Wassenaar bevestigt met dit rijtje
van miljonairsstraten zijn
reputatie van puissant rijk dorp. Maar die weet het niet echt waar te
maken als
je met de bus vanuit Leiden naar die drie dure straten rijdt. Onderweg
zie ik
veel doodgewone rijtjeshuizen, heel eenvoudige flatjes en geen
luxueuzere
woonerven dan elders. En ik ken in Wassenaar, vlak bij pretpark
Duinrell, ook
een volkswijkje dat niet veel verschilt van De Kooi in Leiden.
De Groot Haesebroekseweg, waar ik
uitstap, heeft inderdaad
aardige optrekjes, waaronder dat van een artsenechtpaar met een dubbele
naam
(mevrouw dus vier namen).De zeer exclusieve Koninklijke Haagsche Golf
&
Country Club is hier vlakbij. En Zijne Heiligheid de Maharishi, de Indiase
goeroe der rijken, had in deze buurt een ‘universiteit’ om zijn
dwaalleer te
verbreiden, maar die is er volgens mij niet meer.
Ik sla de Koekoekslaan in, die de
huizen-top-10 niet wist te
bereiken, dank zij enkele wat bescheidener optrekjes tussen de paleizen
in.
Maar deze straat haalde onlangs wel de krant met een heuse moord. Een
gekgeworden jonker, een steenrijke zakenman, hielp zijn vrouw om zeep
omdat hij
haar ervan verdacht, louter met hem getrouwd te zijn om zijn centen.

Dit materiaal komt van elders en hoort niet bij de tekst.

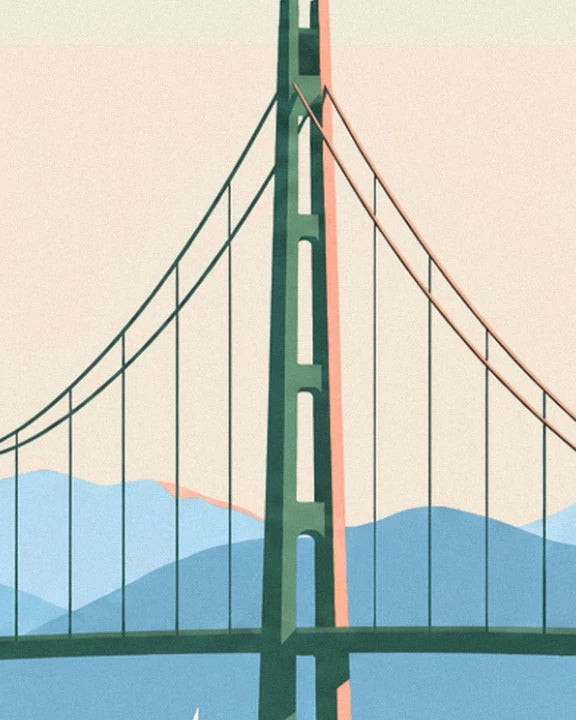 Der grüne Turm der Lions Gate Bridge und ihre Kabel vor den blauen Bergen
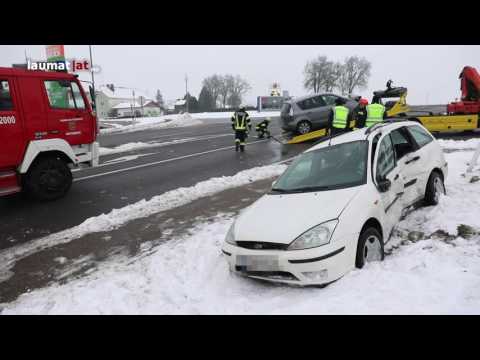 Feuerwehr musste Person nach Verkehrsunfall in Rottenbach aus Auto befreien
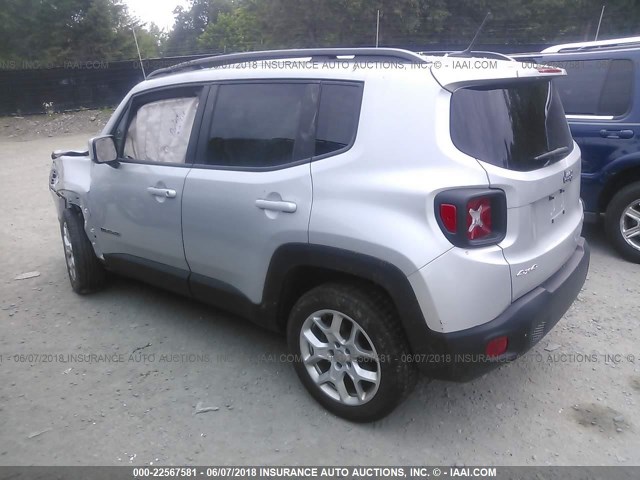 ZACCJBBT0FPB56712 - 2015 JEEP RENEGADE LATITUDE SILVER photo 3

Deze man, die geen onrecht zegt te
kunnen verdragen, was de
geldschieter van de campagne om Ernest Louwes vrij te pleiten van de
moord op
de Deventer Weduwe, waarover ik het hieronder had. Hij betaalde al
Maurice de
Honds boetes voor het beschuldigen van de Klusjesman. Nu zit hij zelf
in de beklaagdenbank,
en in tegenstelling tot Louwes heeft hij het hoogstwaarschijnlijk wél
echt
gedaan.
Dan de Konijnenlaan, die parallel
loopt aan de Groot Haesebroekseweg.
Wandelen wordt hier niet gestimuleerd; een trottoir ontbreekt. Paard-
en
autogereden wordt er wel, getuige de vele platgewalste drollen op het
wegdek.
De huizen aan weerszijden van het
asfaltweggetje zijn groot
en duur, maar niet eclatant, en vaak wat donker van gesteente. Het
enige pand
met protserige Griekse zuilen is natuurlijk de ambassade van een
verwegge
politiestaat.
Niet opvallen is het beste, als je
erg rijk bent. Dat is een
vloek die geld onvermijdelijk met zich meebrengt, ongeacht hoe je er
aan
gekomen bent: de angst, er iets van kwijt te raken.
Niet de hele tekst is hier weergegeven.